A ceftazidime-resistant Acinetobacter baumannii strain was isolated from hospital wastewater and used as the donor in a filter mating experiment with an Escherichia coli strain as the recipient. Recipient, donor, and transconjugant were sequenced, and both donor and transconjugant were found to harbor highly similar plasmid sequences, suggesting that plasmid transfer had occurred.
ABSTRACT
A ceftazidime-resistant Acinetobacter baumannii strain was isolated from hospital wastewater and used as the donor in a filter mating experiment with an Escherichia coli strain as the recipient. Recipient, donor, and transconjugant were sequenced, and both donor and transconjugant were found to harbor highly similar plasmid sequences, suggesting that plasmid transfer had occurred.
ANNOUNCEMENT
Antibiotic-resistant bacteria (ARB) and antibiotic-resistant genes (ARGs) can act as agents for the selection and transfer of antimicrobial resistance (1–6).
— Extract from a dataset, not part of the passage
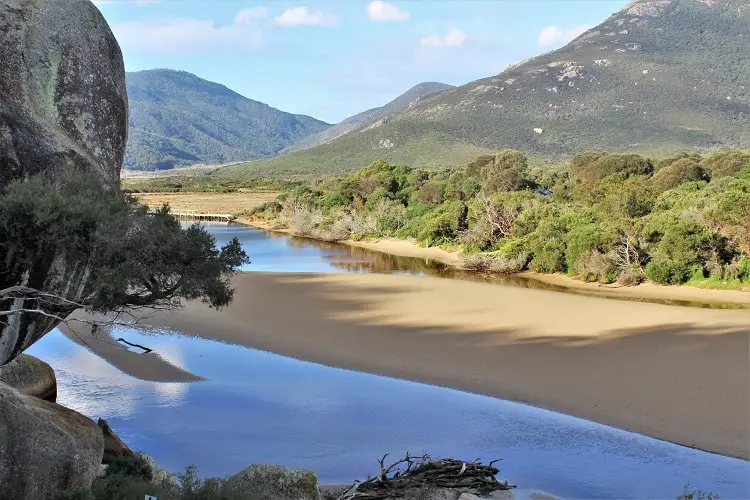 Gorgeous mountainous scenery at Wilsons Promontory National Park.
To demonstrate the transferability of plasmids containing ARGs from ARB to susceptible strains, a donor ceftazidime-resistant Acinetobacter baumannii strain, WPB102, which was isolated from hospital wastewater effluent (3), was selected for the study. A single bacterial colony was heat lysed and amplified using the 16S rRNA gene primers 27F (5′-AGAGTTTGATYMTGGCTCAG-3′) and 1492R (5′-GGYTACCTTGTTACGACTT-3′), followed by identification against the National Center for Biotechnology Information (NCBI) 16S rRNA gene database criterion of at least 99% identity (3). Phenotypic resistance to ceftazidime was confirmed using the AST-GN79 card on a Vitek 2 compact system (bioMérieux). A ceftazidime-susceptible Escherichia coli SCC1 strain (WPB103) was used as the recipient (7). Conjugation was conducted in triplicate via the filter mating method (8). Overnight donor and recipient cultures (optical density at 600 nm [OD600] = 0.1) were washed twice and mixed in equal volumes. An aliquot of 100 µl of the mixture was loaded onto a 0.45-µm cellulose nitrate membrane (Sartorius Stedim) and placed onto LB agar for incubation at 37°C for 16 h. Biomass on the membrane was dislodged, serially diluted, and plated on agar supplemented with antibiotics to select for recipient, donor, and transconjugant, namely, chloramphenicol (15 ppm) in tryptone bile X-glucuronide (TBX) agar, ceftazidime (8 ppm) in LB agar, and chloramphenicol (15 ppm) plus ceftazidime (8 ppm) in TBX agar, respectively. The plates were incubated at 37°C for LB agar and 44°C for TBX agar. The transfer efficiency, calculated as the ratio of transconjugants to recipients, was 1.81 × 10−3 ± 3.25 × 10−4. Antibiogram results from the AST-GN79 panel confirmed that the transconjugant (WPB121) isolated from the selective medium was resistant to ceftazidime.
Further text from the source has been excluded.